The problem – Below are the records. Retype exactly the lines between the lines holding "High-waisted distressed jeans" and "Used 2023 Audi", inclusive.
+ + + +
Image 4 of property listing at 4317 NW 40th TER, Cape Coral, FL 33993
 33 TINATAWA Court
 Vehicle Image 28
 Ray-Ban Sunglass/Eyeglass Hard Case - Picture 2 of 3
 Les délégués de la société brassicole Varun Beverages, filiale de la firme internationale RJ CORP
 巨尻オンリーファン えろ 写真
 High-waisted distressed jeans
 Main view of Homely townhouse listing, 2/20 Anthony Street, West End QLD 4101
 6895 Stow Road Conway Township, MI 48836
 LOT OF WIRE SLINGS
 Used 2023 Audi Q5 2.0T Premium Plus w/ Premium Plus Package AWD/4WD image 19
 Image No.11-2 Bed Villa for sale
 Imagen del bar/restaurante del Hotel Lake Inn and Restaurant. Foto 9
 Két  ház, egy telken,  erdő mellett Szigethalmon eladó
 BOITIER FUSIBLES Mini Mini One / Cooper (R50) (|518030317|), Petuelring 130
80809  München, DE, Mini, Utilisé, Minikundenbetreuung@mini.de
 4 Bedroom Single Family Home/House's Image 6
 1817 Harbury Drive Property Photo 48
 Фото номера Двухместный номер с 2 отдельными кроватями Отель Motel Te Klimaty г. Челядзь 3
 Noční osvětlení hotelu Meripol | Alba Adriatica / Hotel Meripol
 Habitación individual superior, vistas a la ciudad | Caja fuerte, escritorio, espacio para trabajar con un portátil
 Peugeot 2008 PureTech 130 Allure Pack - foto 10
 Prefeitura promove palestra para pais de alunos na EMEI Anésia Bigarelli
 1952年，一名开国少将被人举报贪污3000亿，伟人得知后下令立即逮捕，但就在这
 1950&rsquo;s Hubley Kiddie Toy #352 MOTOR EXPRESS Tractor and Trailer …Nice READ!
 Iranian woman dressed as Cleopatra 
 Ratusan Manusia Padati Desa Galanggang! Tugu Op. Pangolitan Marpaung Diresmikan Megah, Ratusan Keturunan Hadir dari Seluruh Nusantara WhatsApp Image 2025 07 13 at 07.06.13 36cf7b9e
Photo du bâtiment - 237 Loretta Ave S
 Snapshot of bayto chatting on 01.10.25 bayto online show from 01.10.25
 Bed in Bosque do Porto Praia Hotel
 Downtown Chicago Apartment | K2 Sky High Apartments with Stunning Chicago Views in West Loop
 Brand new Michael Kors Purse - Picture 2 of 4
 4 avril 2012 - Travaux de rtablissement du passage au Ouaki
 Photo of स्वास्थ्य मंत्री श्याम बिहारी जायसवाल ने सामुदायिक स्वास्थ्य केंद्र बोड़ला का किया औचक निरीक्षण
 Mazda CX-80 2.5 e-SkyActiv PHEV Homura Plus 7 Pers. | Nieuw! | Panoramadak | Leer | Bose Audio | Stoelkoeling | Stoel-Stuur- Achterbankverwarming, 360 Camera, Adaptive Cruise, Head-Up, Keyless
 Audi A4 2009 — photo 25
+ + + +
Answer space –
 High-waisted distressed jeans
 Main view of Homely townhouse listing, 2/20 Anthony Street, West End QLD 4101
 6895 Stow Road Conway Township, MI 48836
 LOT OF WIRE SLINGS
 Used 2023 Audi Q5 2.0T Premium Plus w/ Premium Plus Package AWD/4WD image 19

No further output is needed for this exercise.